Review of Theoretical Statistics (STAT 210B) at Berkeley

After taking STAT 210A last semester (and writing way too much about it), it made sense for me to take STAT 210B, the continuation of Berkeley’s theoretical statistics course aimed at PhD students in statistics and related fields.

The Beginning

Our professor was Michael I. Jordan, who is colloquially called the “Michael Jordan of machine learning.” Indeed, how does one begin to describe his research? Yann LeCun, himself an extraordinarily prominent Deep Learning researcher and considered as one of the three leaders in the field¹, said this² in a public Facebook post:

Mike’s research direction tends to take radical turns every 5 years or so, from cognitive psychology, to neural nets, to motor control, to probabilistic approaches, graphical models, variational methods, Bayesian non-parametrics, etc. Mike is the “Miles Davis of Machine Learning”, who reinvents himself periodically and sometimes leaves fans scratching their heads after he changes direction.

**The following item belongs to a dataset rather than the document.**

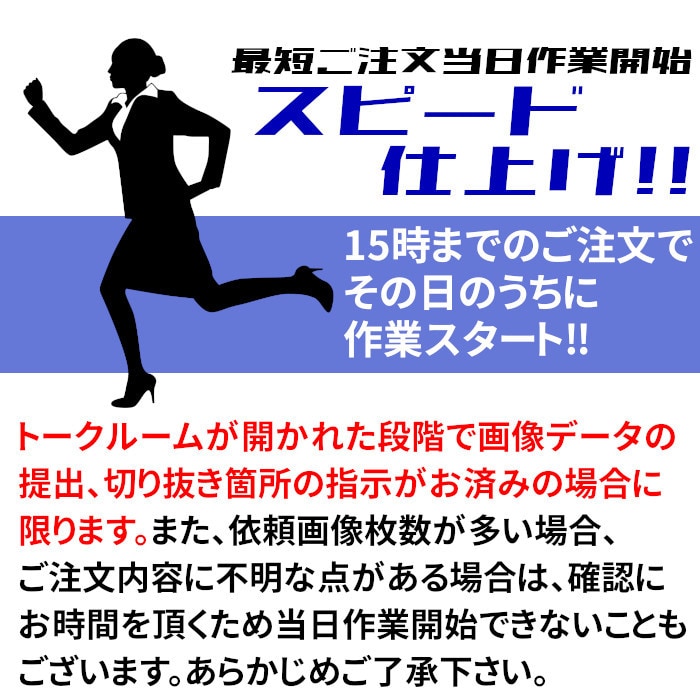 10枚まで3000円！商材写真の切り抜き加工します 背景を気にせず使えるよう切り抜きします！お急ぎの方にぴったり イメージ4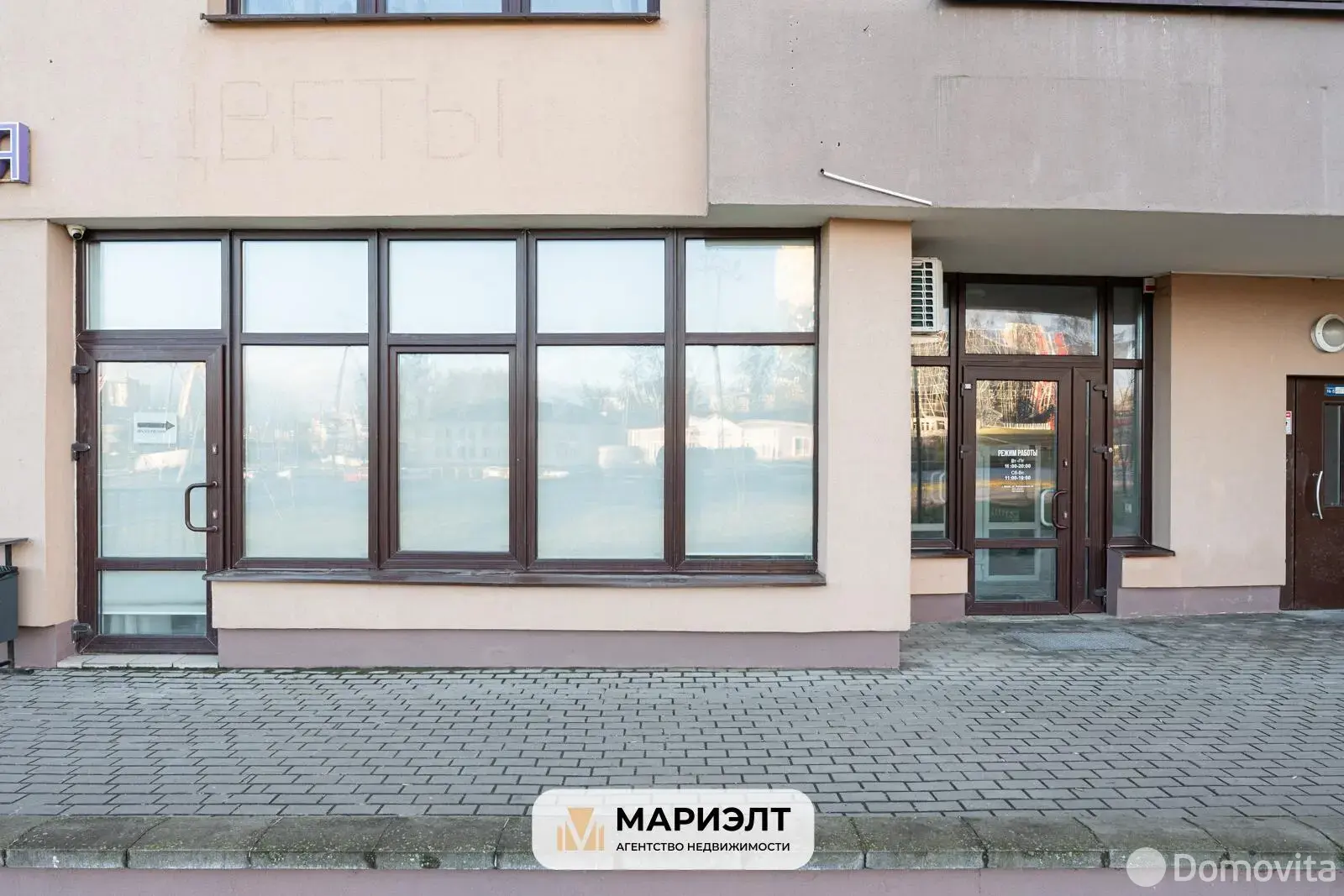 объект сферы услуг, Минск, ул. Аэродромная, д. 32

And Professor Jordan responded with:

I am particularly fond of your “the Miles Davis of machine learning” phrase. (While “he’s the Michael Jordan of machine learning” is amusing—or so I’m told—your version actually gets at something real).

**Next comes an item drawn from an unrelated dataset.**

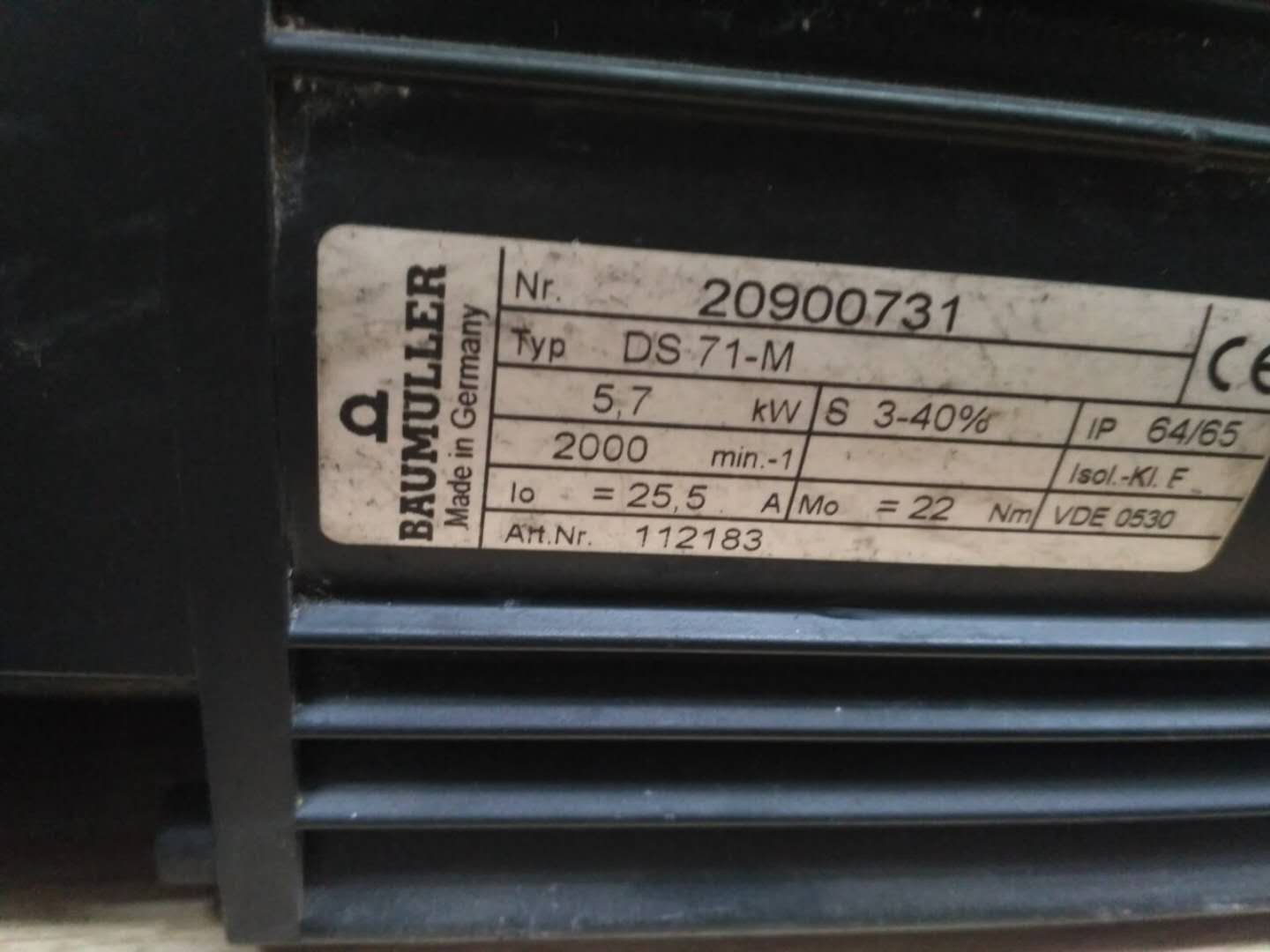 Baumuller伺服電機維修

As one would expect, he’s extremely busy, and I think he had to miss four lectures for 210B. Part of the reason might be because, as he mentioned to us: “I wasn’t planning on teaching this course … but as chair of the statistics department, I assigned it to myself. I though it would be fun to teach.” The TAs were able to substitute, though it seemed like some of the students in the class decided to skip those lectures.

Just because him teaching 210B was somewhat “unplanned” doesn’t mean that it was easy — far from it! In the first minute of the first lecture, he said that 210B is the hardest course that the statistics department offers. Fortunately, he followed up with saying that the grading would be lenient, that he didn’t want to scare us, and so forth. Whew. We also had two TAs (or “GSIs” in Berkeley language) who we could ask for homework assistance.

Then we dived into the material. One of the first things we talked about was U-Statisics, a concept that can often trick me up because of my lack of intuition in internalizing expectations of expectations and how to rearrange related terms in clever ways. Fortunately, we had a homework assignment question about U-Statistics in 210A so I was able to follow some of the material. We also talked about the related Hájek projection.

Diving into High-Dimensional Statistics

We soon delved into to the meat of the course. I consider this to be the material in our textbook for the course, Professor Martin Wainwright’s recent book High-Dimensional Statistics: A Non-Asymptotic Viewpoint.

For those of you who don’t know, Professor Wainwright is a faculty member in the Berkeley statistics and EECS departments who won the 2014 COPSS “Nobel Prize in Statistics” award due to his work on high dimensional statistics. Here’s the transcript of his interview, where he says that serious machine learning students must know statistics. As a caveat, the students he’s referring to are the kind that populate the PhD programs in schools like Berkeley, so he’s talking about the best of the best. It’s true that basic undergraduate statistics courses are useful for a broad range of students — and I wish I had taken more when I was in college — but courses like 210B are not needed for all but a handful of students in specialized domains.

First, what is “high-dimensional” statistics? Suppose we have parameter \(\theta \in \mathbb{R}^d\) and \(n\) labeled data points \(\{(x_i,y_i)\}_{i=1}^n\) which we can use to estimate \(\theta\) via linear regression or some other procedure. In the classical setting, we can safely assume that \(n > d\), or that \(n\) is allowed to increase while the data dimension \(d\) is typically held fixed. This is not the case in high-dimensional (or “modern”) statistics where the relationship is reversed, with \(d > n\). Classical algorithms end up running into brick walls into these cases, so new theory is needed, which is precisely the main contribution of Wainwright’s research. It’s also the main focus of STAT 210B.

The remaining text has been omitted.